Stock and securities trading have some particular terms different from normal terms in general commerce. One search term is the ‘option premium.’ When you want to trade stock and other securities, you may begin by buying an option for which you pay a premium for the right to trade at a preset price within a time limit. This brief guide helps you learn more about option premiums.
In finance and stock trade, the term option premium refers to the current market price (what a buyer pays) of an option contract to trade (buy or sell) stocks and other securities. The options contract has a preset price that ends only when its time limit expires.
From a seller’s perspective, an option premium is the income a seller (writer) receives for an option contract if the option holder buys a stock or other securities. Stock option premiums are quoted/assessed as a dollar amount per share. Most options contracts are for 100 shares commitment.
An option premium has two key components:
- Intrinsic value and extrinsic value
- Time value
Intrinsic value is the investor’s willingness to pay for an asset such as stock. It can also be called a call option to indicate when the particular security’s price is higher than its strike price. This is the option’s value if it were to be exercised today.
Extrinsic value is explained as the difference between the option’s market price, or the premium, and its actual intrinsic value. It’s also called a put option to mean in-the-money when the underlying asset’s price is less than its strike price.
Time value is the difference between the premium and its intrinsic value, often calculated before expiration.
For instance: Time Value = Premium — Intrinsic Value
It can be explained as the money an investor is willing and ready to pay for an option (asset) above its intrinsic value. It’s an amount showing hope for the option’s value to increase before its expiration day with a favorable change in the underlying security price. Time value increases with the length or amount of time available for the underlying security’s market conditions to work to the investor’s benefit.
- Underlying price: Changes in a security’s underlying price can decrease or increase an option’s value. Changes in these prices have opposite effects on the option’s intrinsic and extrinsic value.
- Option strike price: The option strike price determines whether or not an option has intrinsic value. As the strike price increases, the option’s call value (intrinsic value) decreases while the option’s put value (extrinsic value) increases.

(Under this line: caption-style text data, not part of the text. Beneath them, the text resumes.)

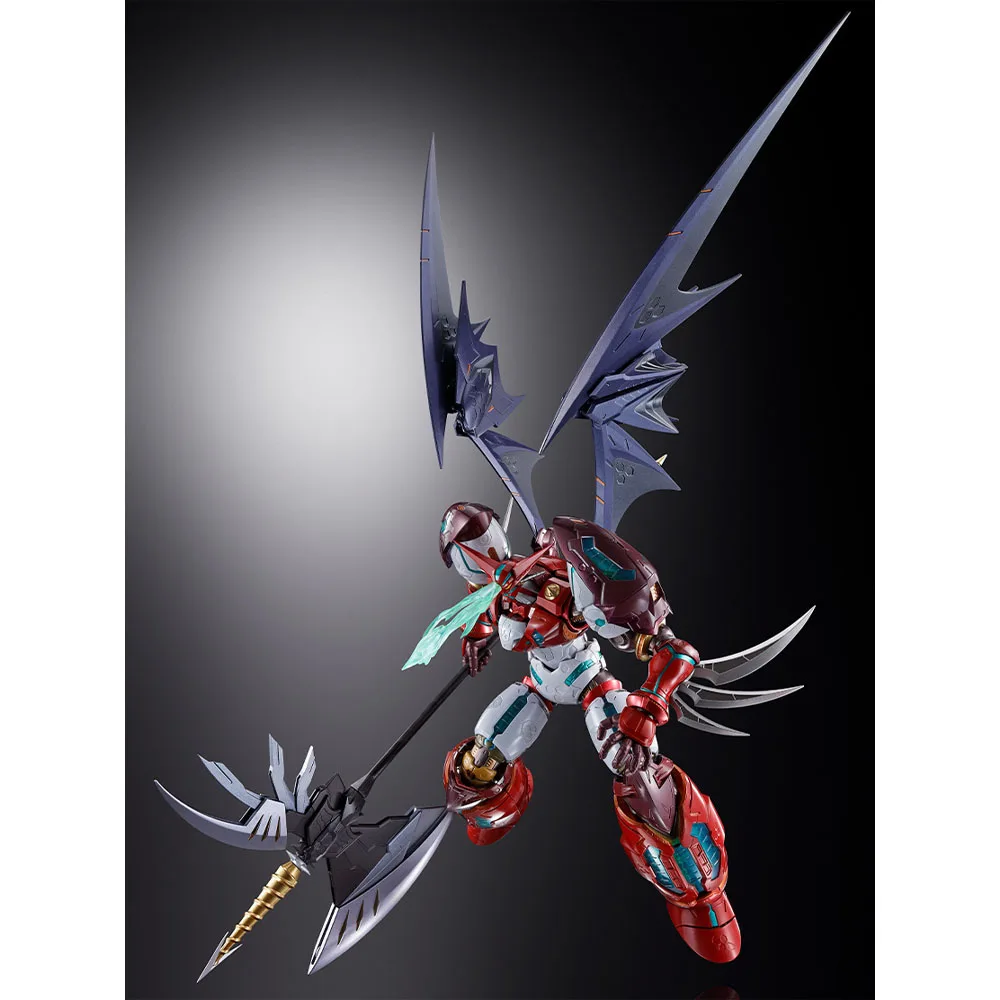 Figura de acción Bandai METAL BUILD DRAGON SCALE Shin Getter 1, un juguete mecha detallado para hombres, niños y coleccionistas apasionados.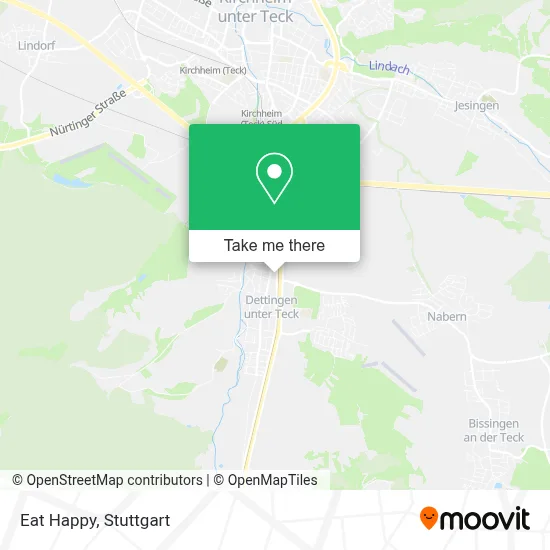 Eat Happy map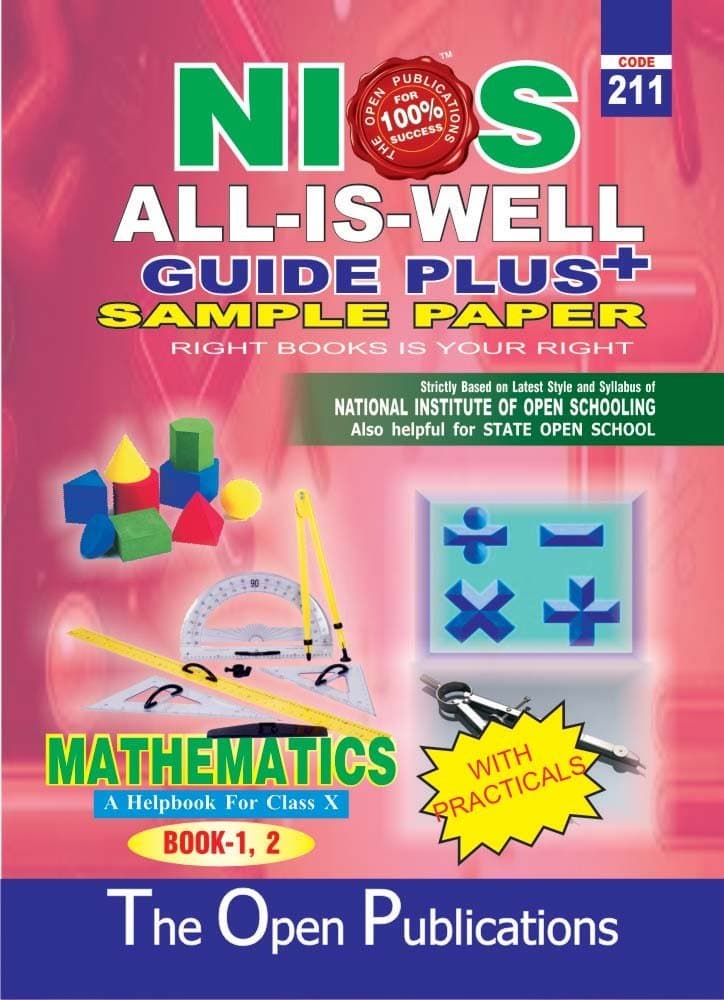 NIOS 211 Mathematics Class 10 - Guide & Sample Papers with Practicals Unknown Binding – 1 January 2018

- Time until expiration: Since options have a limited lifespan, time towards their expiration affects their value. Generally, their time value erodes or decreases as their expiration approaches for both calls and puts. The option’s last few days see the most rapid decrease in time value.
- Implied volatility: Although volatility (risk uncertainty) is subjective and hard to quantify, it significantly affects the option’s premium time value. Higher volatility approximations indicate expected greater fluctuations (in either direction) of the security’s underlying price levels.

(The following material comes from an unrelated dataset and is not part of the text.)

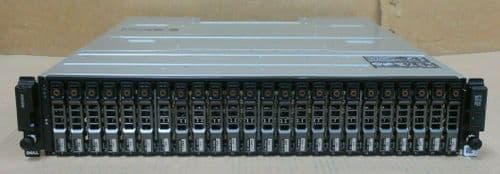 Dell PowerVault MD1420 Storage Array 24x 300GB 10K 6G HDD 2x 12G-SAS-4 2x PSU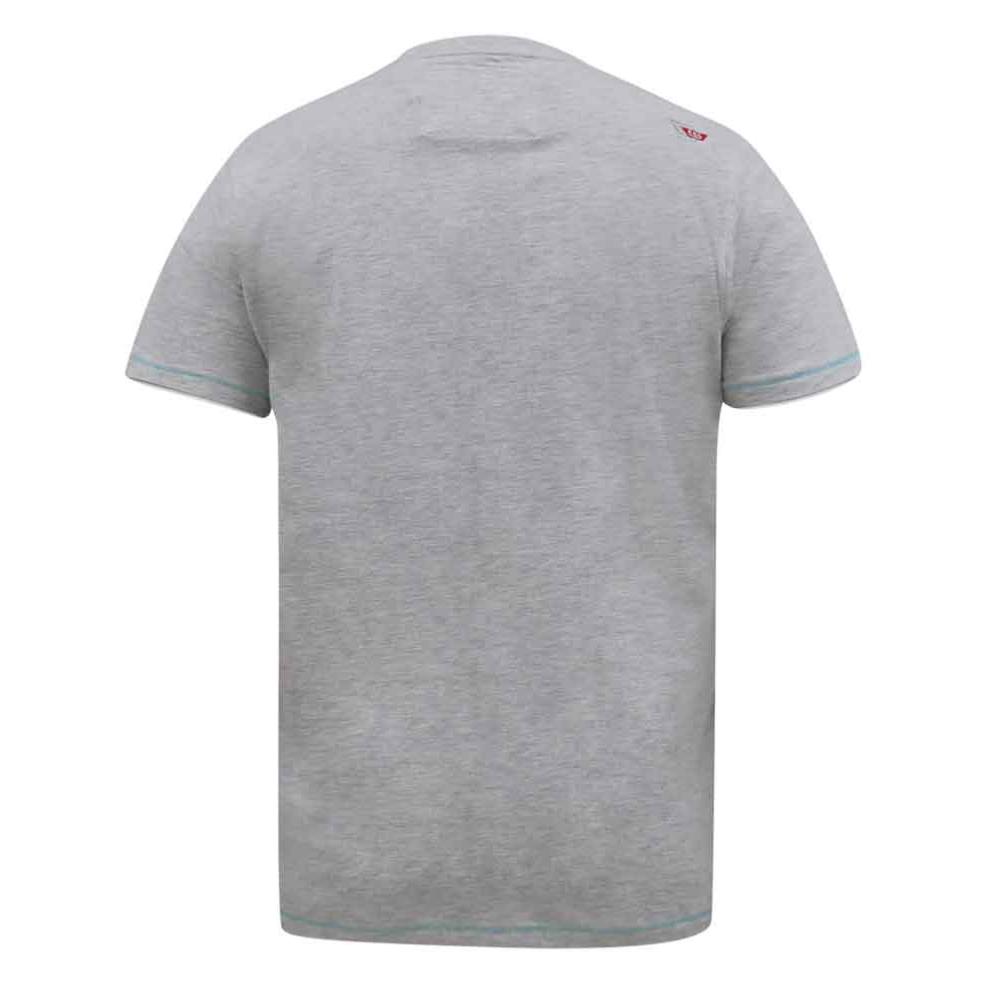 D555 TRAFFORD ROAD TRIP MOTRBIKE PRINT TEE SHIRT GREY MARL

- Dividend: Generally, although options don’t receive dividends, their value is affected when companies release dividends. Their ex-dividend date means that if a company releases a dividend, you will receive a dividend, but the stock value will decrease by the dividend’s amount.
- Interest rate: The effect of interest rate on option premiums is small but measurable. It only affects the cost of carrying the underlying security shares. For example, when the interest rates rise, the call value will increase, and the put value will decrease.
Understanding options is complicated and requires expert knowledge, but if you understand Options components and factors affecting its value, you can understand its pricing. This will help you assess the possible rewards and risks of every stock you want to buy or sell.